Dan then asserts that Creative Commons is simply adding noise to an already complicated world of digital law. He may be right about that, but his reasoning is tenuous at best. The example he uses is from a talk given by David Pogue, a journalist for the New York Times. Pogue essentially asks a group of 500 people whether they think downloading a copyrighted movie or album is “wrong,” and only a handful of people raise their hands. In a world where 1% of people recognize the legal liability of copying creative work that is under full and complete reservation of use rights, how can Creative Commons possibly make the situation any worse? Assuming that Pogue’s 500 people were a statistically representative group, that would mean that 99% of the American population will copy your photographs without a second thought, no matter what you do.

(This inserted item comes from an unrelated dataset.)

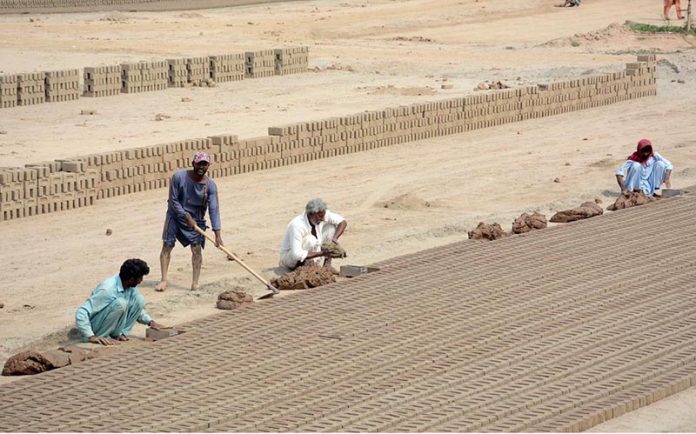 Labourers busy in preparing bricks at a Local Bricks Kiln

Creative Commons is meant to grease the wheels of the creative machine (notice how “creative” is in their name?), to allow your work to become a part of something more than itself, to contribute to derivative creations, to promote yourself through the spirit of sharing. Dan says that photographs “serve no foundation for anything—they are their own beginnings and endings at once, and provide no opportunity for new development, services, or growth.” Such a naive, business-oriented statement deeply insults me as an artist. Of course photographs serve as a foundation! Not only are photographs inspirational to artists in photography and in other media, but in this atmosphere of digital art, the media has become much less important than the subject matter. Photography as an art form is more pliable and evolutionary than ever before, and we would be fools to try to resist that.

In his article, Dan goes on to say that Flickr is damaging our industry by promoting the use of Creative Commons licenses and doing a fairly ham-handed job of explaining what the licenses mean and what risks are inherent in using them. On that count, I am wholly in agreement with him. I think that Flickr was originally created as a sort of “MySpace for pictures” and was expected to be populated with careless snapshots of kittens playing with balls of yarn. It surely is populated with a great deal of such images, however, as its popularity has skyrocketed it has drawn in countless very serious hobbyists and professionals with intellectual property to defend.

Now I get to quote myself, which is always fun:

It’s always, always your responsibility as a creator to understand the full extent of the concessions granted by a license you release your work under. If you decide you want to use a Creative Commons license, you should actually read it. Not just the “human deed,” but the full text. If you don’t understand the license… Don’t use it!

Does Flickr bear the burden of explaining these licenses to its users? Yes, I think they are responsible for being conscientious communicators of the message of Creative Commons and of the repercussions and/or implications of selecting certain options on their own website. Are they legally vulnerable in connection to the way they handle the licenses now? Perhaps. Who’s fault is it if someone’s photograph, posted under a free-use Creative Commons license is used in business for significant financial benefit of a third party? The photographer. As a creator, you have the last word when it comes to the use of your work, so be as cynical and discriminating as you can bear to be.

I do not believe that the existence of the Creative Commons, nor its use by photographers and other artists, is detrimental to any professional creative industry. Though it may add confusion to an already troubled and labyrinthine forest of copyright law, and may seem a target of convenience for burgeoning professionals who mistakenly allowed their work to be used without consent, the core mechanics of licensing creative work have not changed. This is both an exciting and confusing time for digital media creators, but it remains our responsibility to act with informed judgment.

Before I close, I would like to thank Dan Heller for taking the time to write such a thorough analysis of Creative Commons from the stock perspective, which was a viewpoint conspicuously missing thus far from most discourse. His article did serve to expose a lot of interesting licensing issues that are hot-button topics for professionals nowadays, especially anyone participating in Flickr as a promotional tool.